節分に向けて鬼をつくる2
前回から間がだいぶ空いてしまいました。もう節分も終わり3月にもなろうかというところですが、引き続き鬼の面制作について書きたいと思います。
前回、顔の原型が完成し、今回ツノ制作に取り掛かります。
顔の原型とツノの原型は別々につくることにしたので、まず顔の原型をFRPで抜きました。こうすることで、制作中に顔の原型を傷つける心配がなくなるので思いっきり作業することができます。
ただ、顔とツノのバランスがあまりにも違いすぎるとツノをどういじっても合わなくなったりもするので、顔の原型を作っている段階で仮のツノを当てて全体のボリュームはすでに合わせています。
なのでツノの制作は、その仮のツノのバランスを詰めていく作業から始まります。
曲がりくねったツノが好きなので、いろいろ試しているところです。ほんの些細な角度の変化で情けなくみえてしまうので結構試行錯誤しました。前から見ても横から見ても見栄えするようつくるのは難しかったです。

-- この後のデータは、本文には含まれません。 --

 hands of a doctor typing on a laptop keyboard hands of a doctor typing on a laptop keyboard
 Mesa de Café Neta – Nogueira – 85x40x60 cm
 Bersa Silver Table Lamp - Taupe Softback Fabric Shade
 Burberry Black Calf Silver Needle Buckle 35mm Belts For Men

基本は怖いイメージなのですが、日本独特の恨めしい感じがでるようあまり強くみえすぎないようにも気をつけました。水牛のようなツノをイメージしながら、その曲がり具合、華奢さはなんとなくノコギリクワガタをイメージしています。
だいたい角度が決まったので仮のツノを軸に粘土を盛っていきます。ある程度形ができてきたら、顔から外してディティールを詰めていきます。
ツノの色は金や銀にする予定なので、少しだけ節っぽいディティールを入れています。
予め素材自体にベースとなる色を着色してあります。ここから気泡や傷のパテ埋め、分割ラインの仕上げをして、塗装に入ります。

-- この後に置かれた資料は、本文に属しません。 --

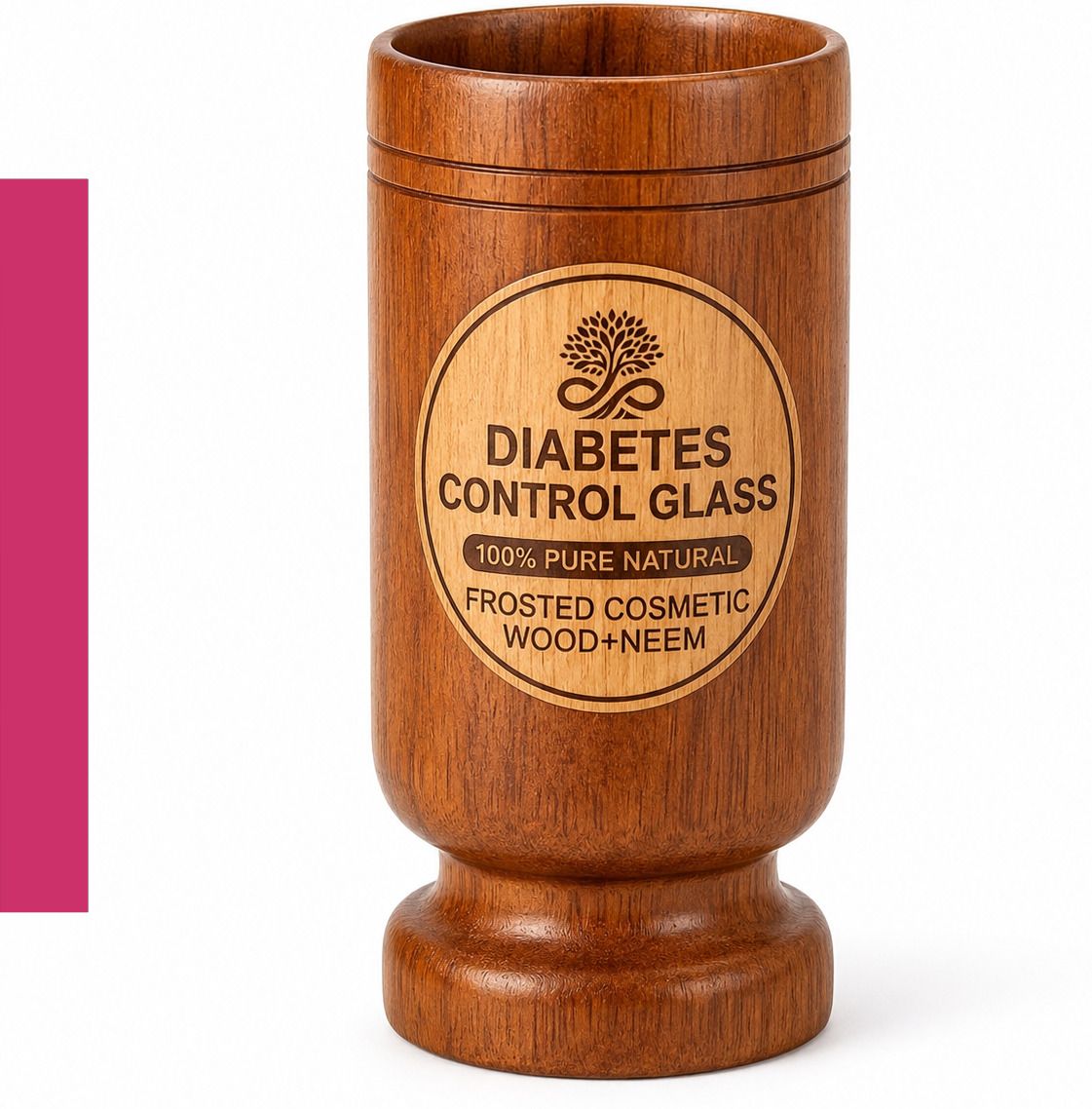 frosted cosmetic Vijaysar Luxury Neem Wood Glass | Herbal Wellness Wooden Glass Water/Juice Glass-picture-1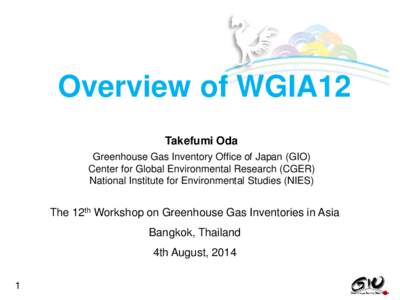 Overview of WGIA12 Takefumi Oda Greenhouse Gas Inventory Office of Japan (GIO) Center for Global Environmental Research (CGER) National Institute for Environmental Studies (NIES)
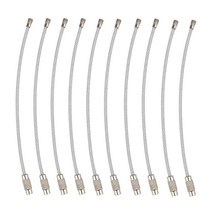 멀티 컬러 스테인레스 와이어 키체인 케이블 스틸 키링 루프 다양한 ID 태그 6 인치 1.5mm 10 팩, 03 Silver 10pcs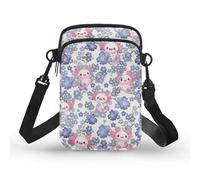 Toaddself Axolotl Purple Flowers Print Crossbody Phone Bag Phone Shoulder Bag with 2 Zip Pockets Cellphone Purse for Ladies Girls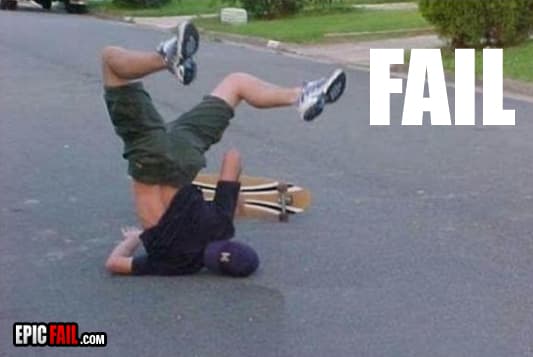 Skateboarder faceplant — fail moment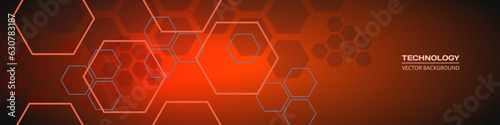 Red hexagon technology abstract background with hexagonal elements. Hi-tech modern futuristic horizontal wide banner. Vector illustration design with honeycomb shapes.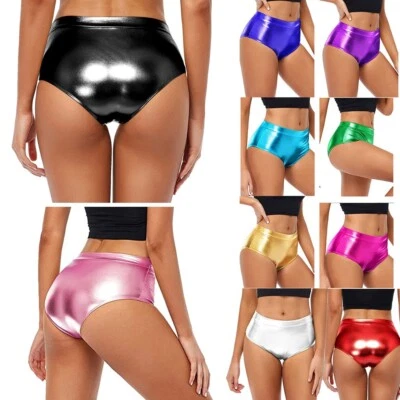 UK Women Shiny Metallic Brief Underwear Festival Bottoms Nightclub Dancing Short - Image 1 of 4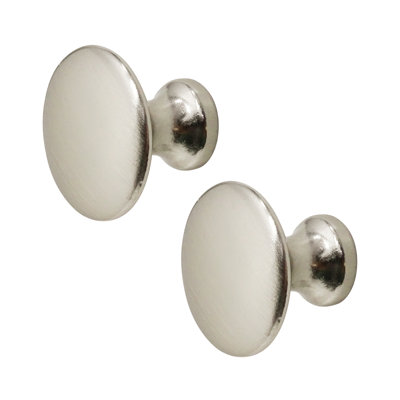 DecorAndDecor - CALICO Brushed Nickel Round Cabinet Knob Drawer Knob - Pair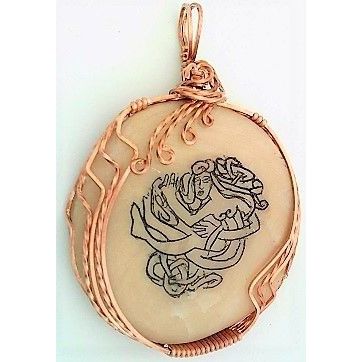 Celtic Knotwork Scrimshaw Copper Wire Wrap Pendant 12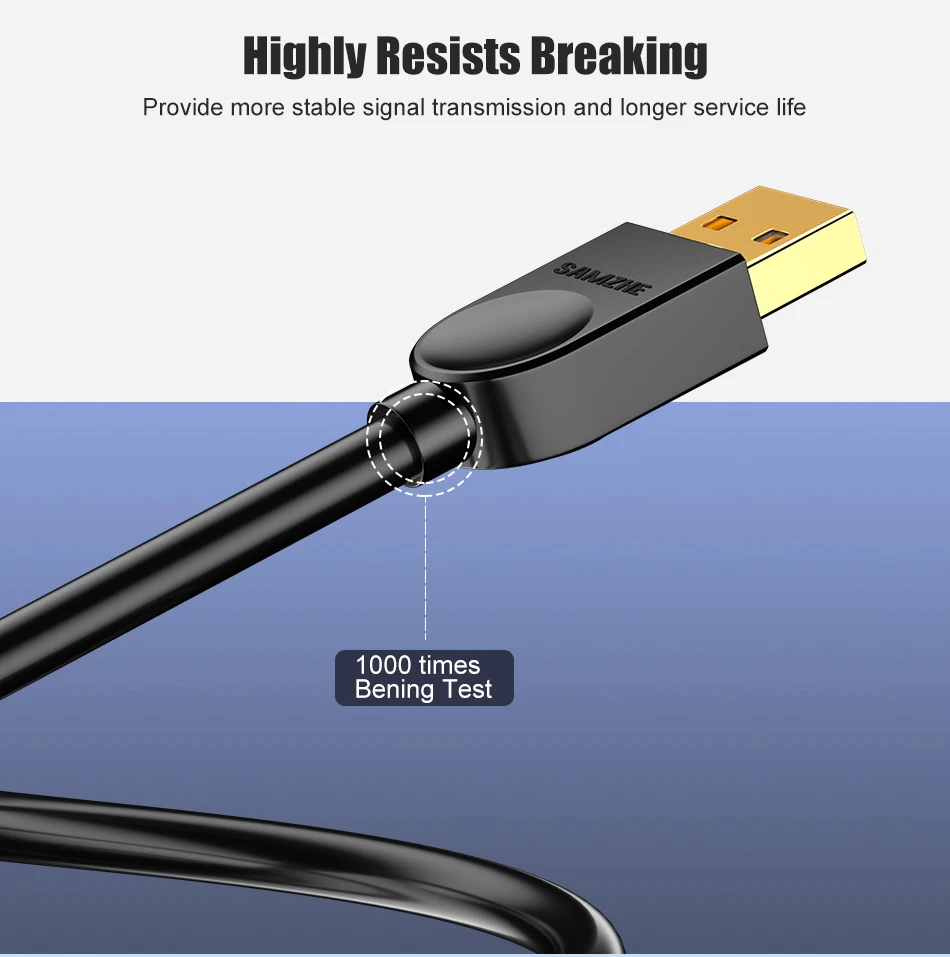SAMZHE USB zu USB 3,0 Verlängerung Kabel Stecker auf Stecker 2,0 Verlängern Kabel Für PC TV PS4 Computer Laptop Extender – Detail 9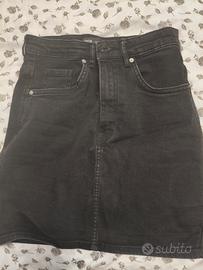 gonna mini zara denim nero taglia s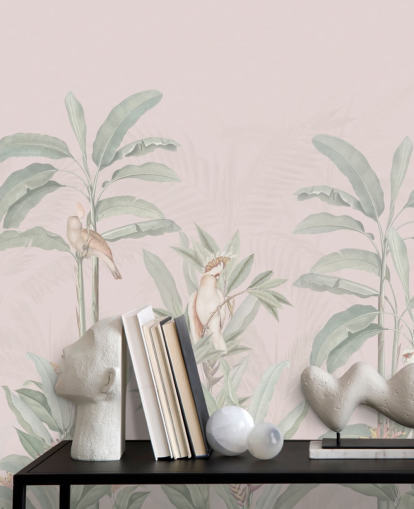 lyserød jungle tapetmaleri kaldet Vintage Blush Tropical Jungle af Bloomery Decor til soveværelser og stuer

ベースの色をスプレーガンで塗装しています。古い年代物のお面のイメージなので後々エイジングを施すのですが、ベースの段階では比較的綺麗な塗装を心がけます。
ここから、汚れや経年変化の感じを加えていきます。ここからは、ガンではなく手塗りの作業になります。年代物でも大切に使われてきたもの、ということであまり派手な汚しはしていません。
こうして出来上がったのがこちらです。
これは秘密の話になりますが、偶然にもツノの角度を違和感なく2パターン変えて取り付けることができたので青鬼と赤鬼でツノの生え方を変えています。嬉しい誤算でした。赤鬼青鬼ですが、ツノの色、角度を見ると金閣銀閣と呼びたくなります。
現在この鬼の面たちは仮面屋おもて様(http://kamenyaomote.com)にて置いていただいているので、ご興味ある方はぜひのぞいて見てください。

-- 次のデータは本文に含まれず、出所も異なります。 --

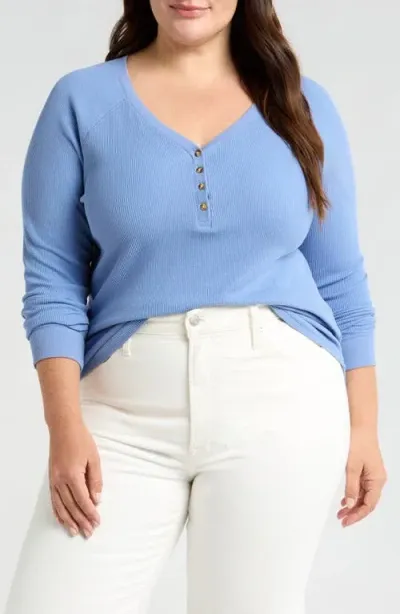 Caslonr Caslon(r) Waffle Henley Top In Blue Colony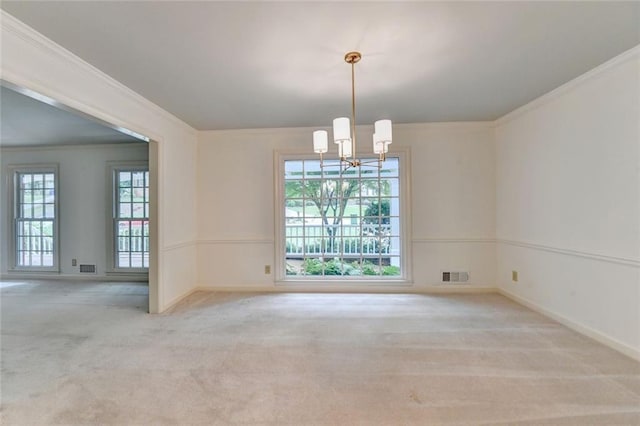 5507 Martina Way, Dunwoody, GA 30338 - carpeted spare room with crown molding, a chandelier, and baseboards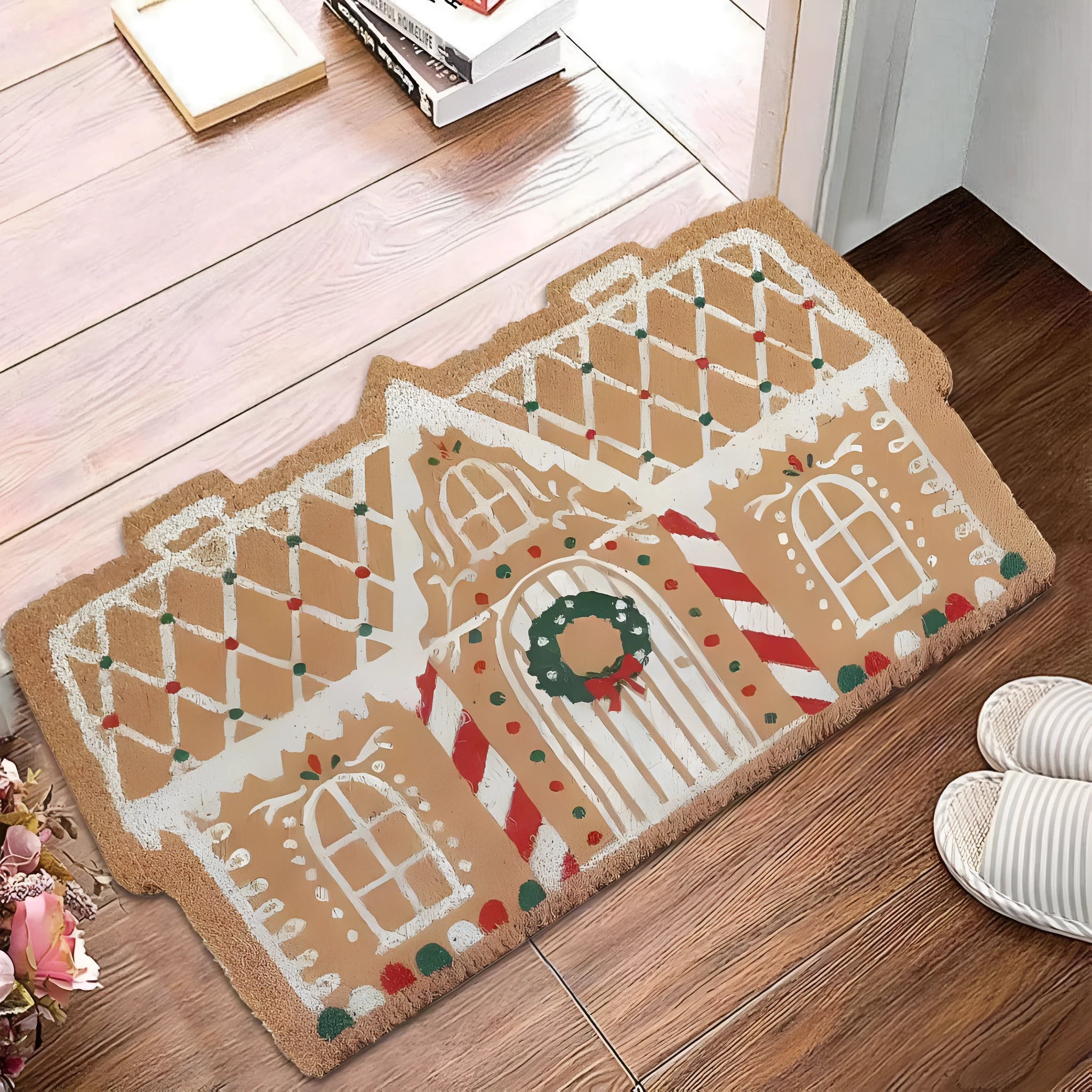 Christmas hallway mat with geometric festive patterns and non-slip backing in multiple size options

ここからは番外編的な話。今回鬼の面を作るにあたって、装飾もかっこよくしたいなということで、紐も頑張ってつくっています。紐の結び方は全くの専門外なので、実はこれが一番苦労しました。紐の結び方も色々あって、すごく面白かったのでどこかのタイミングでちゃんと研究してみたいなと思いました。
もうひとつ番外編。そういえば昔鬼の胸像を作ったことがあったなーと思って、引っ張り出してみたらツノの生え方が同じで笑いました。きっと自分の中のかっこいいツノ観はこれなんだなと思いました。いつかまたツノの生えた別の生き物を作った時は、注意して見てみてください。